A escassez de elementos como riqueza do teatro
Cena de Suit, espetáculo de Peter Brook apresentado na Cidade das Artes (Foto: Lenise Pinheiro)
Um trabalho como The Suit, atração da Cidade das Artes nas últimas quinta e sexta-feira, remete à experiência de Peter Brook com os atores do Centro Internacional de Pesquisa Teatral na África, na primeira metade da década de 1970. A conexão não se dá apenas por se tratar de um texto do escritor sul-africano Can Themba – um conto adaptado para o teatro por Mothobi Mutloatse e Barney Simon –, mas também pela prática de uma cena constituída por poucos objetos, concepção potencializada por Brook, não só nessa montagem (que integra o repertório da companhia desde 2011) como em diversas que atravessaram a sua carreira.
Assinado em parceria por Peter Brook, Marie-Hélène Estienne e Franck Krawczyk, o espetáculo se impõe pelo minimalismo. Bastante despojada, a cenografia tem como elementos principais algumas cadeiras coloridas. Na contramão da grandiosidade, a montagem valoriza as presenças dos atores. Essa proposta de teatro realça a ligação entre Peter Brook e outro encenador, Jerzy Grotowski, que, por meio do conceito de Teatro Pobre, defendeu uma cena destituída de quaisquer adereços supérfluos, centrada na relação entre ator e espectador. É claro que não se pode perder de vista determinadas especificidades (Grotowski acreditava na interação de alma para alma entre um ator e um espectador), mas Brook comprovou que a riqueza do teatro reside na sua escassez ao viajar pela África realizando apresentações em que os atores não falavam a língua dos espectadores, a iluminação era a luz do sol e o cenário, tão-somente um tapete para delimitar a área de atuação.

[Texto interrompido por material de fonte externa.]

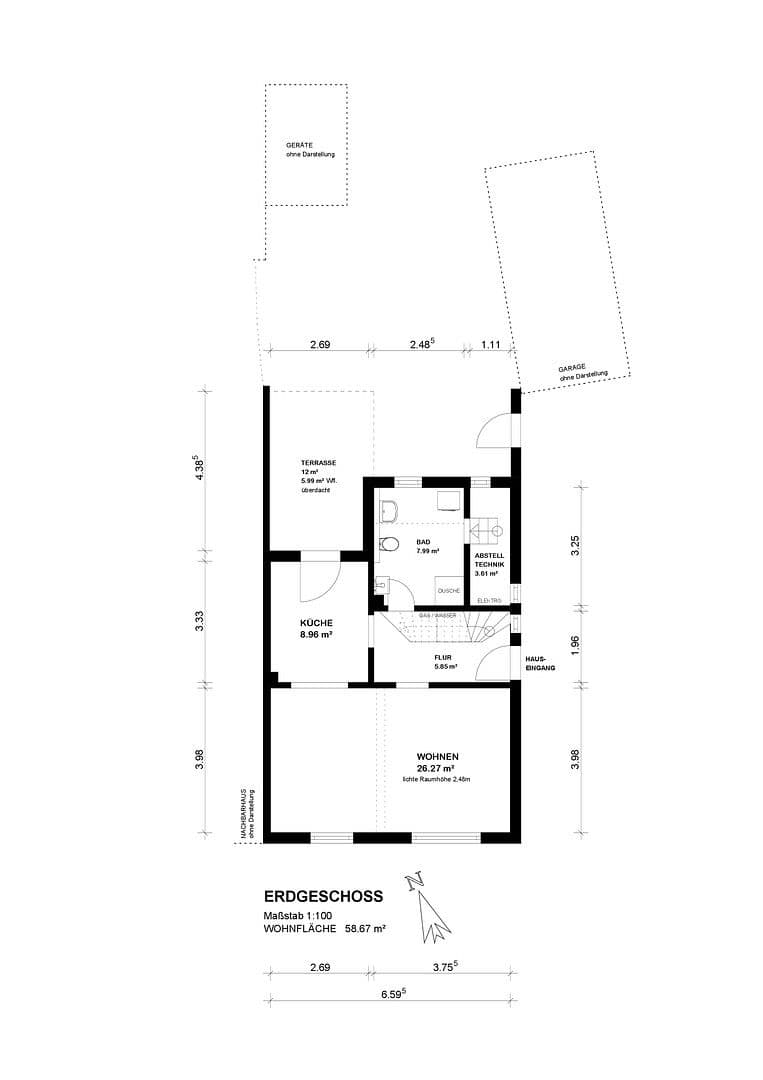 Predaj domu 86 m², pozemek 642 m², Am Rickmers Park 29, Bremen, Brémy Predaj domu 86 m², pozemek 642 m², Am Rickmers Park 29, Bremen, Brémy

A natureza sintética, comedida, da encenação (a Grande Sala da Cidade das Artes certamente não é o espaço mais adequado para receber uma montagem como essa, que pede dimensão reduzida, mais concentrada) vem à tona através de criações de alta qualidade, a julgar pela importância e, ao mesmo tempo, sutil dosagem da trilha sonora (os músicos Jay Phelps, Harry Sankey e Danny Wallington permanecem no palco) e pelo expressivo emprego da cor na iluminação de Philippe Vialatte. Não se deve deixar de destacar os desempenhos dos atores (Cherise Adams-Burnnet, dona de bela voz, Jared McNeill e Ery Nzaramba), que transitam com organicidade entre a interpretação dos personagens e a narração, sem a preocupação de demarcar a passagem de um plano para o outro, para contar a dolorosa história de Philomen e Matilda a partir do momento em que ele descobre que ela tem um amante e mantém o casamento, mas em cotidiano no qual a necessidade de vingança (simbolizada pelo terno do título) se sobrepõe à capacidade de perdoar.